Starting from 2016, Breathed took on, with permission, the characters from Calvin and Hobbes in an occasional series of strips.

== Animated series ==
On February 15, 2022, it was announced that a Bloom County television series was in development at Fox, with Berkeley Breathed as executive producer and co-writer. Bento Box would serve as the animation studio on the project. Fox's animation company, Bento Box Entertainment, Miramax, Spyglass Media Group and Project X Entertainment were all working on it as an animated series. In September 2022, it was announced The Simpsons writer Tim Long joined the series as showrunner.

On August 31, 2025, the official Bloom County Facebook page stated that development on the series had been cancelled shortly after the 2024 presidential election, just as the pilot was about to enter production. No explanation was given by Fox for the decision.

==Bloom County books==
Like many other popular comic strips, Bloom County has been republished in various collections. By 2004, the comic strip was reprinted in 11 books, the first having been published in 1983 and the last in that year. None of the reprints contained complete runs of the strip, although Bloom County Babylon contained many of the strips that preceded Loose Tails. All of the daily strips have been reprinted in Comics Revue magazine.

IDW Publishing published The Bloom County Library, a five volume hardback collection of all Bloom County strips, beginning in October 2009. This series is part of their Library of American Comics series.
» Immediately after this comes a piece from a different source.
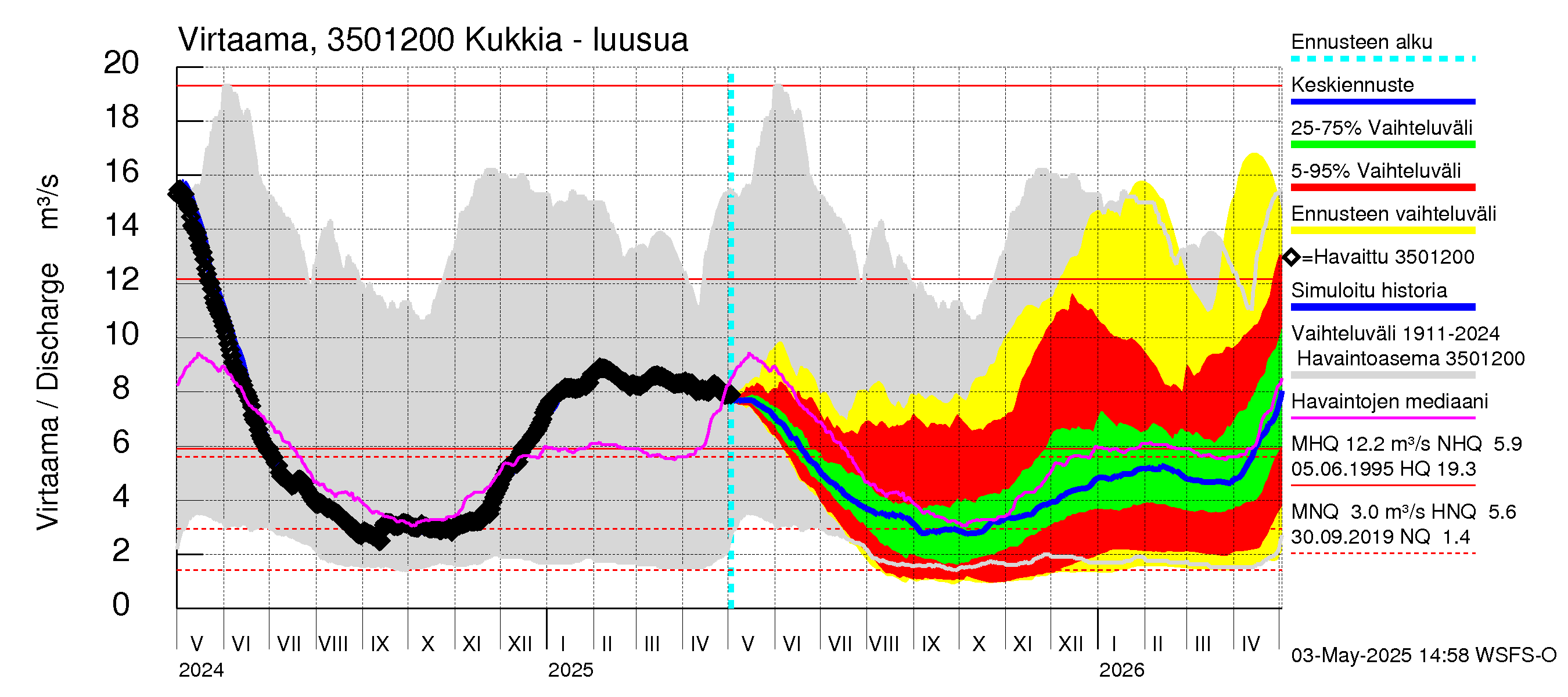 Kokemäenjoen vesistöalue - Kukkia: Lähtövirtaama / juoksutus - jakaumaennuste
It is a complete reprint of the strip, including side notes about cultural and political references made in the strip, "Headlines" breaks to identify the top stories of the day, and commentary from Breathed. Each volume has three separate releases: a standard edition, a signed edition, and a signed, remarked edition. Breathed said that the reason why the strips printed in The Bloom County Library were not published in previous collections was that the publisher would not let Breathed publish 400 pages each year, so Breathed had to reduce the content in each book. Breathed also said that he believes that, "I just closed my eyes and dropped a dart on the ones to be included." He felt relieved the publishers did not "have to ask ... to do this again."
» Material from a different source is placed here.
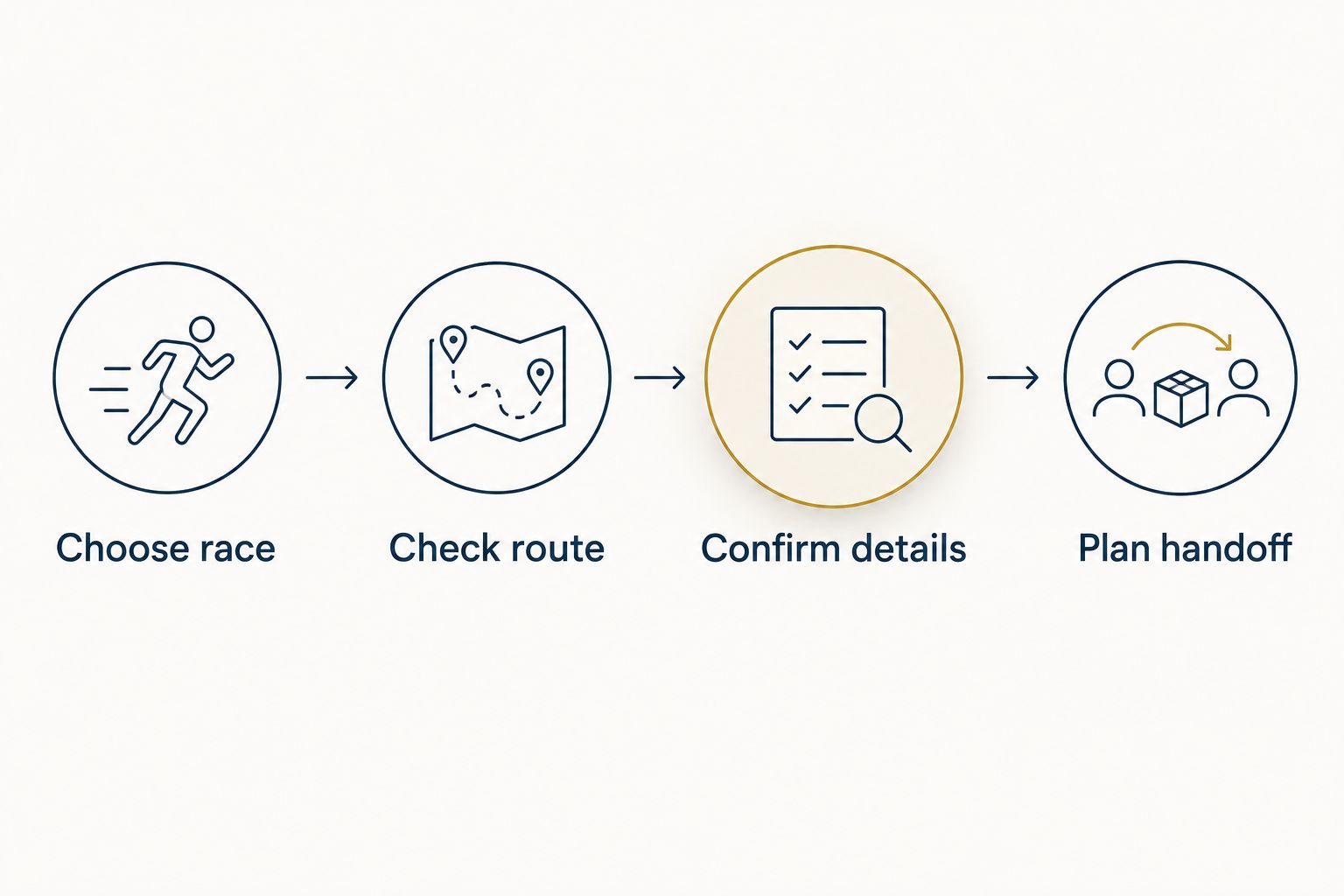 Route gift preparation steps from choosing the race to planning the handoff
On October 25, 2017, IDW published Bloom County: Real, Classy, & Compleat: 1980-1989, collecting the complete run of Bloom County in two volumes. An "Ultimate Collectors Set" was also released, including the original art from a daily strip featuring Opus, a page from Breathed's sketchbooks, and a personalized sketch of Opus on the slipcover.

===Collections===
- Loose Tails (1983)
- Toons for Our Times (1984)
- Penguin Dreams and Stranger Things (1985)
- Bloom County Babylon: Five Years of Basic Naughtiness (1986)—An omnibus featuring strips from the previous three collections, early strips from 1980-1981 and most of those released in 1985 (unavailable in other collections)
- Billy and the Boingers Bootleg (1987)
- Tales Too Ticklish to Tell (1988)
- The Night of the Mary Kay Commandos (1989)
- Happy Trails! (1990)
- Classics of Western Literature (1990)—An omnibus featuring strips from the previous four collections with a sampler of " Academia Waltz " strips
- One Last Little Peek, 1980–1995: The Final Strips, the Special Hits, the Inside Tips (1995) - A collection of strips from bonus Bloom County and Outland reprints with commentary by Breathed
- Opus: 25 Years of His Sunday Best (2004)—An omnibus featuring strips from Bloom County, Outland, and Opus
- Bloom County Episode XI: A New Hope (2016)
- Bloom County: The Real, Classy, & Compleat 1980–1989 (2017)
- Bloom County Brand Spanking New Day (2017)
- Bloom County Best Read on the Throne (2018)

===The Complete Bloom County Library===

Bloom County: The Complete Library, published by The Library of American Comics, an imprint of IDW Publishing, between 2009 and 2012. Collects the complete Bloom County as well as Outland and Opus.